(Problem requirements):
From the data below, copy exactly the lines that lie between the one holding "Bata Manga Longa Chiffon" and the one holding "Canova Blue Herringbone Pinstripe Suit", including both, and nothing more.

* * * * * * * * *

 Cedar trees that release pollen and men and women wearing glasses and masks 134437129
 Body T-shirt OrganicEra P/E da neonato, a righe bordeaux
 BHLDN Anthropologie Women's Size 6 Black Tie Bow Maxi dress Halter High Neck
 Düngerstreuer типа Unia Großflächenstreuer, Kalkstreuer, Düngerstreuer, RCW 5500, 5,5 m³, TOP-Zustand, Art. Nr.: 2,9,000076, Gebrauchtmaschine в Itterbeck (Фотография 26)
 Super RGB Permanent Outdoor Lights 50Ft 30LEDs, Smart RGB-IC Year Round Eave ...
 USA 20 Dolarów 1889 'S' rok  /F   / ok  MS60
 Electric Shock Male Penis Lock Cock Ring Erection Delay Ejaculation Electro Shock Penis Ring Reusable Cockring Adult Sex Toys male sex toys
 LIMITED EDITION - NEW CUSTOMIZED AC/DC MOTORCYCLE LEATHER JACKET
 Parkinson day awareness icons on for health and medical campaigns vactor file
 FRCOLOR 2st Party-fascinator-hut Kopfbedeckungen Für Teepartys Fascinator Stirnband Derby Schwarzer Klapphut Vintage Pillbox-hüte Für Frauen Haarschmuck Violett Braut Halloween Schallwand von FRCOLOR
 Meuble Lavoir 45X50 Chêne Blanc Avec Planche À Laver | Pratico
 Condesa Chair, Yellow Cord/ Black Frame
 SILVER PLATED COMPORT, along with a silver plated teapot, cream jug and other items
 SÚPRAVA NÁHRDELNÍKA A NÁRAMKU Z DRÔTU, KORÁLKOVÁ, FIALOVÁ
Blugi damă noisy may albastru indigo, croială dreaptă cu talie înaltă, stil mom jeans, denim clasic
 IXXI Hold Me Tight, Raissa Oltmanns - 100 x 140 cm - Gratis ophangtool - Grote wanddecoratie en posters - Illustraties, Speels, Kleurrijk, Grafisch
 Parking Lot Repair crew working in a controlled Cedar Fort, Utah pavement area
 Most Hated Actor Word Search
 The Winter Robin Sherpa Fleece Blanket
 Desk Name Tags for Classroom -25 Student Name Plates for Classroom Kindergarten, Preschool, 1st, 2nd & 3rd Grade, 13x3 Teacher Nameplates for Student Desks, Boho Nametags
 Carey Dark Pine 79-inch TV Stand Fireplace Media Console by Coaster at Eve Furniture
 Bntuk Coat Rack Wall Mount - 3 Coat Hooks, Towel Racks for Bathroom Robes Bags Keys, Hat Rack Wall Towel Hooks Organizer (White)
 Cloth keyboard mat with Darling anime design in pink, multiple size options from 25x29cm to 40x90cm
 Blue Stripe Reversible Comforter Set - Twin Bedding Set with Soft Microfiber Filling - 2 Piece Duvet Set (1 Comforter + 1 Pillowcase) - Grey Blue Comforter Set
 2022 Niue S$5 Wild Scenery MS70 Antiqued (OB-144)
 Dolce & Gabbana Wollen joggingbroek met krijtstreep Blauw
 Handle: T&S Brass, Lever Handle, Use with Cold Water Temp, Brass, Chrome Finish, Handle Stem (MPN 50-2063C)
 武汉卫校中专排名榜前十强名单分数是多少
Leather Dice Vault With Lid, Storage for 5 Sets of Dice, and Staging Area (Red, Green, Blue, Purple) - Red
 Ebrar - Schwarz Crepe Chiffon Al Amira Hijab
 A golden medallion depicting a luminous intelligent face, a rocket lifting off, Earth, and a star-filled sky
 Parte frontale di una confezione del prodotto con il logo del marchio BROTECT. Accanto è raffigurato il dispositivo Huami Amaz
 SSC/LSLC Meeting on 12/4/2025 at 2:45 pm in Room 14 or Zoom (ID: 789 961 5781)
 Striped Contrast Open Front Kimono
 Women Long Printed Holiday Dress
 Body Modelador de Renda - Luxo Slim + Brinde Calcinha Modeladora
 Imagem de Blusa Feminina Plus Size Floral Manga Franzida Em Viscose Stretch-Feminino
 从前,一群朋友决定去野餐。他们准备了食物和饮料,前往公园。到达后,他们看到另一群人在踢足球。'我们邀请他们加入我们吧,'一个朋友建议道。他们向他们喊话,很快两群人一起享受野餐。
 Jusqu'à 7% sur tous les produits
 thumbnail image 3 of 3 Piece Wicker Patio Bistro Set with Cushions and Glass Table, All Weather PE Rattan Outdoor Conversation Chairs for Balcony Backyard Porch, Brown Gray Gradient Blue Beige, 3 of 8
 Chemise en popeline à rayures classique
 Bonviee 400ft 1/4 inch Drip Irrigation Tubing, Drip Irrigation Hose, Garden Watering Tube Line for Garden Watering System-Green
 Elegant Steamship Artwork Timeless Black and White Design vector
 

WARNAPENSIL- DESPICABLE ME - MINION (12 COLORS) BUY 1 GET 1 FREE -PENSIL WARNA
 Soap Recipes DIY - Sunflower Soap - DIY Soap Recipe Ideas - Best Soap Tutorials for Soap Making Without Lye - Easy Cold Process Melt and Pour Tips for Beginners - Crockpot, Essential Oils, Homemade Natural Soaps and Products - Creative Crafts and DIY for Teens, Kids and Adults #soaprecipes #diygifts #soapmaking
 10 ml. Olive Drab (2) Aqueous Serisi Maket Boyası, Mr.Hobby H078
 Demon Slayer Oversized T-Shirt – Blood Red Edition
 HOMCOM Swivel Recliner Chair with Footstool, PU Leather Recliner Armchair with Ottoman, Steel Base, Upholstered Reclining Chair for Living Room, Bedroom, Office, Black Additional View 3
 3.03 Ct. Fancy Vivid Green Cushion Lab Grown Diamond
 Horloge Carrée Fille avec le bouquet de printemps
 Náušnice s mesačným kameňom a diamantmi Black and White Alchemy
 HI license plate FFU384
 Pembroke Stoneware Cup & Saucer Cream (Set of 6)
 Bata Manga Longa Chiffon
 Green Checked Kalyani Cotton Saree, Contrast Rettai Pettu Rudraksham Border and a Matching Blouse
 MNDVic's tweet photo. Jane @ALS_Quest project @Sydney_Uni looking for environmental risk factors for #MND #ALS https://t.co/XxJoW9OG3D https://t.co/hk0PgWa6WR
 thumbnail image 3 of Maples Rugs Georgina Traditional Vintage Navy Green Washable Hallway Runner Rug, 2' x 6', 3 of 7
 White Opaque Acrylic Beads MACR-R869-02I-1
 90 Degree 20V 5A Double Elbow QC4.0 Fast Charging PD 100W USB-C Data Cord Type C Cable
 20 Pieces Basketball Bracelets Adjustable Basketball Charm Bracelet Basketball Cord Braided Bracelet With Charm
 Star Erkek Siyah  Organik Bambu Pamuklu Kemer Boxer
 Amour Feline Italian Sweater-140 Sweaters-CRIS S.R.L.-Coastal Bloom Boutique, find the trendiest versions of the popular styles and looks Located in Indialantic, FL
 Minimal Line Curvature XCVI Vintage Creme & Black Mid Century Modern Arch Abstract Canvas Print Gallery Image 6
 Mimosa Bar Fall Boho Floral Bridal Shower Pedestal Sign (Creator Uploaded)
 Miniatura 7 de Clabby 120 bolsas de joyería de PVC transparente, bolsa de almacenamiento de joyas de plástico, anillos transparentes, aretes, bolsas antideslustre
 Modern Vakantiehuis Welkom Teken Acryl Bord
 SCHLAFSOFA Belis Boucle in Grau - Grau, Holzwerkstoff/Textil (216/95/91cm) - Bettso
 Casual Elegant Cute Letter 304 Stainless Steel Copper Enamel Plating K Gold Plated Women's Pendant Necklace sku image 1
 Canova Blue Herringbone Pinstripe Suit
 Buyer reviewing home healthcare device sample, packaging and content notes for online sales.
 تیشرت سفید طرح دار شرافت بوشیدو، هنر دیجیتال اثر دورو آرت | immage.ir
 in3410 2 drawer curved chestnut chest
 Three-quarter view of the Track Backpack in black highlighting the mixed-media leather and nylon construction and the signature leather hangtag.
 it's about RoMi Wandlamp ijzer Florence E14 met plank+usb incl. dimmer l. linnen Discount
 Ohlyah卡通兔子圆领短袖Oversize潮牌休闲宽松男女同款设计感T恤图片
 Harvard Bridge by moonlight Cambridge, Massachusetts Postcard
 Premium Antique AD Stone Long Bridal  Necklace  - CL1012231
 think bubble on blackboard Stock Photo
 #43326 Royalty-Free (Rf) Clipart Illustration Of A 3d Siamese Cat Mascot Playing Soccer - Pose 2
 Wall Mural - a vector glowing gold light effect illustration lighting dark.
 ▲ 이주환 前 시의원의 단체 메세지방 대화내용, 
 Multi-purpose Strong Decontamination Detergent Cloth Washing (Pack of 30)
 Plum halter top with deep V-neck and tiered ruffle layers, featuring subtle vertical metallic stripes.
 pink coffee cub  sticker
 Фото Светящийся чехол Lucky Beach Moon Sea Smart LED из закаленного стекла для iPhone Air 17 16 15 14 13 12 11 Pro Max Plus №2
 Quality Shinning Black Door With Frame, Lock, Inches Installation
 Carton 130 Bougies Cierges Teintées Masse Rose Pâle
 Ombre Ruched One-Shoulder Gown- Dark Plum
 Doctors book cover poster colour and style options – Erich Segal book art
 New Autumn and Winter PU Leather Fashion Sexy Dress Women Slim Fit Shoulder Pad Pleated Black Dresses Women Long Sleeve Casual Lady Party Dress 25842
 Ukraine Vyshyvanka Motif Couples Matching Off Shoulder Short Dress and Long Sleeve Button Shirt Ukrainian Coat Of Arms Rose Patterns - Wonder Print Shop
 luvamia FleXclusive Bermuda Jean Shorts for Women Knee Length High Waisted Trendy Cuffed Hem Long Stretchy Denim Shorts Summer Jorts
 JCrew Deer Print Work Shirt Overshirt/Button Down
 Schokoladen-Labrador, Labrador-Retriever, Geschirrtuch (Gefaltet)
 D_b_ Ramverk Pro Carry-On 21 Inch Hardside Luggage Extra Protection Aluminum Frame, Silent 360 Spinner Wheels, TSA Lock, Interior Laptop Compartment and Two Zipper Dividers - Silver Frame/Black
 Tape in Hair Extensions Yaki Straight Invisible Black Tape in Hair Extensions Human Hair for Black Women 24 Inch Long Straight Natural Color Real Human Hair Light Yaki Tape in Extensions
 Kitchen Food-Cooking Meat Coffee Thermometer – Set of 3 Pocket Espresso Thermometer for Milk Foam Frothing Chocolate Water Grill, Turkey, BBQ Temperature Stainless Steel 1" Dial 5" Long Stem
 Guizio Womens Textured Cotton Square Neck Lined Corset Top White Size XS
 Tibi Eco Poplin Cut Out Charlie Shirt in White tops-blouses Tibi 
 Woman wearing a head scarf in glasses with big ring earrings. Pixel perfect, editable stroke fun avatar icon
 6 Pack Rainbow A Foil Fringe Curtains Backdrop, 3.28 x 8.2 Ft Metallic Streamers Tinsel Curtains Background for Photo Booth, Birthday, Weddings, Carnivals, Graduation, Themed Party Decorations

* * * * * * * * *

(Solved exercise):
 Bata Manga Longa Chiffon
 Green Checked Kalyani Cotton Saree, Contrast Rettai Pettu Rudraksham Border and a Matching Blouse
 MNDVic's tweet photo. Jane @ALS_Quest project @Sydney_Uni looking for environmental risk factors for #MND #ALS https://t.co/XxJoW9OG3D https://t.co/hk0PgWa6WR
 thumbnail image 3 of Maples Rugs Georgina Traditional Vintage Navy Green Washable Hallway Runner Rug, 2' x 6', 3 of 7
 White Opaque Acrylic Beads MACR-R869-02I-1
 90 Degree 20V 5A Double Elbow QC4.0 Fast Charging PD 100W USB-C Data Cord Type C Cable
 20 Pieces Basketball Bracelets Adjustable Basketball Charm Bracelet Basketball Cord Braided Bracelet With Charm
 Star Erkek Siyah  Organik Bambu Pamuklu Kemer Boxer
 Amour Feline Italian Sweater-140 Sweaters-CRIS S.R.L.-Coastal Bloom Boutique, find the trendiest versions of the popular styles and looks Located in Indialantic, FL
 Minimal Line Curvature XCVI Vintage Creme & Black Mid Century Modern Arch Abstract Canvas Print Gallery Image 6
 Mimosa Bar Fall Boho Floral Bridal Shower Pedestal Sign (Creator Uploaded)
 Miniatura 7 de Clabby 120 bolsas de joyería de PVC transparente, bolsa de almacenamiento de joyas de plástico, anillos transparentes, aretes, bolsas antideslustre
 Modern Vakantiehuis Welkom Teken Acryl Bord
 SCHLAFSOFA Belis Boucle in Grau - Grau, Holzwerkstoff/Textil (216/95/91cm) - Bettso
 Casual Elegant Cute Letter 304 Stainless Steel Copper Enamel Plating K Gold Plated Women's Pendant Necklace sku image 1
 Canova Blue Herringbone Pinstripe Suit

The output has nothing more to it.